A Singapore company is taxed in Singapore, but if the management and control of the company is exercised from India, Indian tax authorities may treat it as an Indian tax resident under Place of Effective Management (POEM) rules. Always seek professional tax advice.
DIY vs. Using a Professional Incorporation Agent
| Factor | DIY via BizFile+ | Using an Incorporation Agent |
|---|---|---|
| Cost | SGD 315 (ACRA fee only) | SGD 800–2,500 (all-inclusive) |
| Time investment | High | Low |
| Knowledge required | Significant | Minimal |
| Nominee director arrangement | Self-sourced | Provided by agent |
| Registered address | Self-sourced | Typically included |
| Company secretary | Self-sourced | Typically included |
| Recommended for | Singapore residents, serial entrepreneurs | First-time foreign founders |
For most Indian entrepreneurs registering remotely, using a reputable incorporation agent is strongly recommended. The all-inclusive cost is modest relative to the complexity avoided, and agents handle the nominee director and registered address the two requirements that are hardest to solve independently from India.
Frequently Asked Questions
Can a 100% Indian-owned company operate in Singapore legally?
Yes. Singapore allows 100% foreign ownership of private limited companies. There are no restrictions on the nationality of shareholders. Thousands of Indian-owned Pte Ltd companies operate successfully in Singapore.
What is the minimum paid-up capital required to register a company in Singapore?
Just SGD 1 (approximately INR 62). Singapore has no minimum capital requirement for private limited companies. Most founders start with SGD 1 or SGD 100 in paid-up capital and increase it later if needed.
Do I need to travel to Singapore to register a company?
No. The entire incorporation process is done online via ACRA’s BizFile+ portal. You can complete registration from India. The only exception may be traditional bank account opening, which some banks require in-person.
Can I be the director of my Singapore company if I live in India?
You can be a shareholder and an additional director, but Singapore law requires at least one director to be ordinarily resident in Singapore. You cannot serve as the sole director while residing in India.
Is there a double taxation issue between India and Singapore?
India and Singapore have a comprehensive Double Taxation Avoidance Agreement (DTAA). This prevents the same income from being taxed in both countries. The DTAA covers dividends, royalties, interest, and capital gains, making the Singapore India structure tax-efficient when structured correctly.
Can my Singapore company have an Indian company as its shareholder?
Yes.

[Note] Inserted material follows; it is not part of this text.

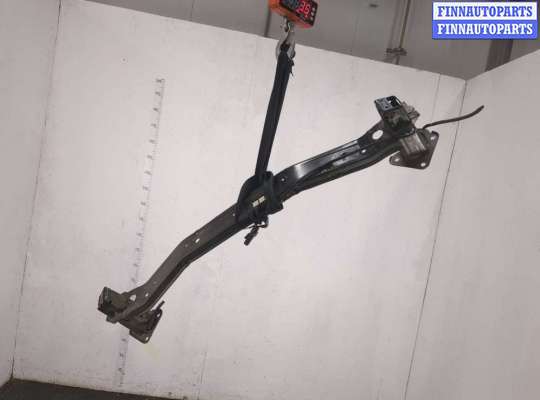 Усилитель бампера HD523583 на Honda CR-V 2006-2012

Indian companies can be shareholders of Singapore companies. This constitutes Overseas Direct Investment (ODI) under Indian law and requires RBI compliance through your authorised dealer bank.
What are the ongoing compliance requirements for a Singapore Pte Ltd?
Annual requirements include filing annual returns with ACRA, holding an Annual General Meeting (or passing a written resolution in lieu), maintaining proper accounting records, filing corporate income tax returns with IRAS, and ensuring your nominee director and company secretary remain in place.
How much does it cost to maintain a Singapore company annually?
Typical ongoing annual costs: Registered address (SGD 300–600), Company secretary (SGD 300–600), Nominee director (SGD 800–1,800), Accounting/bookkeeping (SGD 500–2,000), Annual return filing (included in ACRA fees, approximately SGD 60). Total: approximately SGD 2,000–5,000 per year for a simple company.
Can I open a Singapore company just to receive international payments?
Yes, this is one of the most common use cases for Indian entrepreneurs particularly freelancers, SaaS founders, and consultants who want to accept USD, EUR, and GBP payments via Stripe, Wise, or PayPal (which have better support for Singapore entities than Indian ones). This is entirely legal.
How do I find a reliable company formation agent for Singapore?
Look for agents registered with ACRA as Registered Filing Agents (RFAs). Reputable names include Osome, InCorp, Sleek, Rikvin, and BoardRoom. Verify reviews on Google and Trustpilot, confirm what’s included in the package (nominee director, registered address, company secretary), and check for any hidden fees.